» PROVIDED INFORMATION:

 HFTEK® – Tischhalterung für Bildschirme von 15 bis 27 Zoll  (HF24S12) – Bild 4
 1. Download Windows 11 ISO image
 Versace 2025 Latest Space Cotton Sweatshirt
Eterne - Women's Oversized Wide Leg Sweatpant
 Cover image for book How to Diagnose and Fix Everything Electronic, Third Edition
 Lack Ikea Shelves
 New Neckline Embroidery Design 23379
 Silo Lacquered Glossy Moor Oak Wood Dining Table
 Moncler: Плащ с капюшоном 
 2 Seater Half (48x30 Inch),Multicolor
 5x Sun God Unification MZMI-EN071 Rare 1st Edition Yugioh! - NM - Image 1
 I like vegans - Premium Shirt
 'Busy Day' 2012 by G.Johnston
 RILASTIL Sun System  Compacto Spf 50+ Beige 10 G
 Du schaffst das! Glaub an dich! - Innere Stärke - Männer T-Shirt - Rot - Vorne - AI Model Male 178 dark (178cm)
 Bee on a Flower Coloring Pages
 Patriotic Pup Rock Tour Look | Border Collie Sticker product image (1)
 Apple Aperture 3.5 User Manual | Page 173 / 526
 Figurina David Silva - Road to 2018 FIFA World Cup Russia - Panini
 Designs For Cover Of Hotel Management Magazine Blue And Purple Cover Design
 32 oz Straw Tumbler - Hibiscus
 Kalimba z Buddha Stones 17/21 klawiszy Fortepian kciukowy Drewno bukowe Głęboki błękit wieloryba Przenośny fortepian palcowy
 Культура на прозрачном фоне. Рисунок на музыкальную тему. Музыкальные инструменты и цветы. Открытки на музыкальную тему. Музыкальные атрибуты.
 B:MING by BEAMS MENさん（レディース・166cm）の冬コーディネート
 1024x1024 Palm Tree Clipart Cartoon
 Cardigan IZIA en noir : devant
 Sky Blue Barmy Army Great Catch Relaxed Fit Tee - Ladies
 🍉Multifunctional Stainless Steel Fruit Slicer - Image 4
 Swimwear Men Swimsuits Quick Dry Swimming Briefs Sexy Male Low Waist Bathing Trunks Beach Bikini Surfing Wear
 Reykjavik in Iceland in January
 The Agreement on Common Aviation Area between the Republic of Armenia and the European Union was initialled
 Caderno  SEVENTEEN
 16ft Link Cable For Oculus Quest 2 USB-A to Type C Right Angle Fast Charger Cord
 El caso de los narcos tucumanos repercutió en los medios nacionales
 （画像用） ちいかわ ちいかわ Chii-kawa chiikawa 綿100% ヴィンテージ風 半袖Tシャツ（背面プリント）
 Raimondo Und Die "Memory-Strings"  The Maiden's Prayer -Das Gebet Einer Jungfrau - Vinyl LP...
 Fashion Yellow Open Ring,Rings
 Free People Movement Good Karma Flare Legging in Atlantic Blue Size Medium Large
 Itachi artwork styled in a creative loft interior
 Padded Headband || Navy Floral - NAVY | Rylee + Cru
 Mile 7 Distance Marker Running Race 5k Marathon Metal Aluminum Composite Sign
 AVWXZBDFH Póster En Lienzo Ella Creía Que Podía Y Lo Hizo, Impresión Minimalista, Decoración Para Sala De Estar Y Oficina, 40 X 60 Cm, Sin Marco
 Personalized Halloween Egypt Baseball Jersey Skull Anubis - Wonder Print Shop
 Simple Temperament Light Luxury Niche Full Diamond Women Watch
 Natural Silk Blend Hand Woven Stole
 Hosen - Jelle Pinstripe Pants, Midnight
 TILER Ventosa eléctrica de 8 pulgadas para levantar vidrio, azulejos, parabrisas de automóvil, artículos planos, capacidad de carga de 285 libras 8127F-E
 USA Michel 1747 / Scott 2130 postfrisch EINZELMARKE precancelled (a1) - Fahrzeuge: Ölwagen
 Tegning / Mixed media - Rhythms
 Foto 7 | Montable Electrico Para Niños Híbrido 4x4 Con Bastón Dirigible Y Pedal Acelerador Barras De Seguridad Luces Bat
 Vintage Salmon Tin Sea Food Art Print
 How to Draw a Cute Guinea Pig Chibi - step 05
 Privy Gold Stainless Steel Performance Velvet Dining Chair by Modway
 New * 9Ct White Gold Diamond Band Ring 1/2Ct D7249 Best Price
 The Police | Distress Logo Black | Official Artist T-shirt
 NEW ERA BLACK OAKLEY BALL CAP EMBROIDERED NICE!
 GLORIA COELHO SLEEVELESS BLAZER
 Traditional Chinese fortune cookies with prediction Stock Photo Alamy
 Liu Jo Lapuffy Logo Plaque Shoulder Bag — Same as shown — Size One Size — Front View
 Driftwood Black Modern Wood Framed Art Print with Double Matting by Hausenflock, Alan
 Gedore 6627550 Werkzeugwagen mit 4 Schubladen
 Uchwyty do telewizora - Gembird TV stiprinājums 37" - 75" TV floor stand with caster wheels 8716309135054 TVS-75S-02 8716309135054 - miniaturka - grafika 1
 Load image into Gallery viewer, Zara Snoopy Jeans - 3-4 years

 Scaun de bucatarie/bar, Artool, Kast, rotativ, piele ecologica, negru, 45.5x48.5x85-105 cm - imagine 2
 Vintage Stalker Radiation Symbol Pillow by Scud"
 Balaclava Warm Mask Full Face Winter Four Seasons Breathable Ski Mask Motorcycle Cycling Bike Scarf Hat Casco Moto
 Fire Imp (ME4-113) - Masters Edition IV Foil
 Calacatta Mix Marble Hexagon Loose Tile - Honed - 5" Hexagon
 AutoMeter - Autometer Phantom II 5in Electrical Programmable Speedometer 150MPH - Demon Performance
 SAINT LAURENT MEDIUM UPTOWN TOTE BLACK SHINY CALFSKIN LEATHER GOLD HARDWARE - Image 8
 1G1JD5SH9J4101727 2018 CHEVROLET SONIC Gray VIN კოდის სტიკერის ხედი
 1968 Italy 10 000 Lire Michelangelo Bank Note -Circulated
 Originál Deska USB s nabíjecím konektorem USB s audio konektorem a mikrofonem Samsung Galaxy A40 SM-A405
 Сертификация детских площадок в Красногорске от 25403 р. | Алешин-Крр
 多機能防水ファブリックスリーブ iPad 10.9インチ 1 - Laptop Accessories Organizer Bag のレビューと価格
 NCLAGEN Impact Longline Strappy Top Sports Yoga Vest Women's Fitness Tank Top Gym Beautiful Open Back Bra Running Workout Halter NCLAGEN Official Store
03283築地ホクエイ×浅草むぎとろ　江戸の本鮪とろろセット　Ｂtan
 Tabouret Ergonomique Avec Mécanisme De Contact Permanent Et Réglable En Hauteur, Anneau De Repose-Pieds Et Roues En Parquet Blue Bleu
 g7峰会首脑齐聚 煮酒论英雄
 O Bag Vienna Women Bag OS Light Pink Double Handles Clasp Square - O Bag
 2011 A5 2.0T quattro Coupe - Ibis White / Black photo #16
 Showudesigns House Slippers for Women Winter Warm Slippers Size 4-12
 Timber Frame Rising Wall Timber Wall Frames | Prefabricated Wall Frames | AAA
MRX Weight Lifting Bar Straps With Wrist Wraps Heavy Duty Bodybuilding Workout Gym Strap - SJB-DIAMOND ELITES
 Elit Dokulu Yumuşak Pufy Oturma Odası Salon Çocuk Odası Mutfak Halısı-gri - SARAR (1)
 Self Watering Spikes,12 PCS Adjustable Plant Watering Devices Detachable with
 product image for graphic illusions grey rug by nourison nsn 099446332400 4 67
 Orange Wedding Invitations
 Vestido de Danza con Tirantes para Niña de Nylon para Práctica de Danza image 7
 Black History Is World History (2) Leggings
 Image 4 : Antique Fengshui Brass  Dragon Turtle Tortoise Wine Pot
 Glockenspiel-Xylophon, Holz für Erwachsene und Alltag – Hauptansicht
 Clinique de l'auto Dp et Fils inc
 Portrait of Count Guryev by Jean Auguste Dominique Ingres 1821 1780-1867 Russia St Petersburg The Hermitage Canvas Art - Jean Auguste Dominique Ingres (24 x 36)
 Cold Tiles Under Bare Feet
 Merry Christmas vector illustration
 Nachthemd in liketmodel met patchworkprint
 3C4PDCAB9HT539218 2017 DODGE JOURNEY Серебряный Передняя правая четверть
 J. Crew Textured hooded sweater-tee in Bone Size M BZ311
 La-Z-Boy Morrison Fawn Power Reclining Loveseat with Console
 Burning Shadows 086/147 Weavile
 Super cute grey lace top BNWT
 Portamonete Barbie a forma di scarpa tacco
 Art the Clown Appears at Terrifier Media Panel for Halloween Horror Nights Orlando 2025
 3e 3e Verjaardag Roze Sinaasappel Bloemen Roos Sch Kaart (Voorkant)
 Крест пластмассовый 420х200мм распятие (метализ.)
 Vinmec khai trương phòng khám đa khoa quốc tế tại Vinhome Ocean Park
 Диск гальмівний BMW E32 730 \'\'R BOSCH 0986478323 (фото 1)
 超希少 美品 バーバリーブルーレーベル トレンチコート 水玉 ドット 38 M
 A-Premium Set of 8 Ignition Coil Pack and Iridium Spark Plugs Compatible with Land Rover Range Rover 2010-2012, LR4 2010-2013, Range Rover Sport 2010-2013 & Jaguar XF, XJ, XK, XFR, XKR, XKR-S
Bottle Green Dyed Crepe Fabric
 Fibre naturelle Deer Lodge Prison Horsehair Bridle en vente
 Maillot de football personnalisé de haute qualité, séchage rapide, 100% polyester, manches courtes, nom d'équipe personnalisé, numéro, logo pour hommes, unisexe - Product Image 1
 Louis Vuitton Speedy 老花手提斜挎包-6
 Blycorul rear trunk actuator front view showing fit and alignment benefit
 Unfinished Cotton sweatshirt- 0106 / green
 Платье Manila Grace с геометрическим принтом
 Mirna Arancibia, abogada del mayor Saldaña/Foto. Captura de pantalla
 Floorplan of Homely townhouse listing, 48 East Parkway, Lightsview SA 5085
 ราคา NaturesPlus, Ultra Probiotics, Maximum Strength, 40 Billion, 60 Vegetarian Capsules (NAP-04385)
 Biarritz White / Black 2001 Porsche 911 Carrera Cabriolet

» WHAT IS REQUIRED:
Taking the entries above, print exactly the lines starting at the line with "Merry Christmas vector illustration" and ending at the line with "超希少 美品 バーバリーブルーレーベル トレンチコート 水玉 ドット 38 M", both included.

» THE ANSWER:
 Merry Christmas vector illustration
 Nachthemd in liketmodel met patchworkprint
 3C4PDCAB9HT539218 2017 DODGE JOURNEY Серебряный Передняя правая четверть
 J. Crew Textured hooded sweater-tee in Bone Size M BZ311
 La-Z-Boy Morrison Fawn Power Reclining Loveseat with Console
 Burning Shadows 086/147 Weavile
 Super cute grey lace top BNWT
 Portamonete Barbie a forma di scarpa tacco
 Art the Clown Appears at Terrifier Media Panel for Halloween Horror Nights Orlando 2025
 3e 3e Verjaardag Roze Sinaasappel Bloemen Roos Sch Kaart (Voorkant)
 Крест пластмассовый 420х200мм распятие (метализ.)
 Vinmec khai trương phòng khám đa khoa quốc tế tại Vinhome Ocean Park
 Диск гальмівний BMW E32 730 \'\'R BOSCH 0986478323 (фото 1)
 超希少 美品 バーバリーブルーレーベル トレンチコート 水玉 ドット 38 M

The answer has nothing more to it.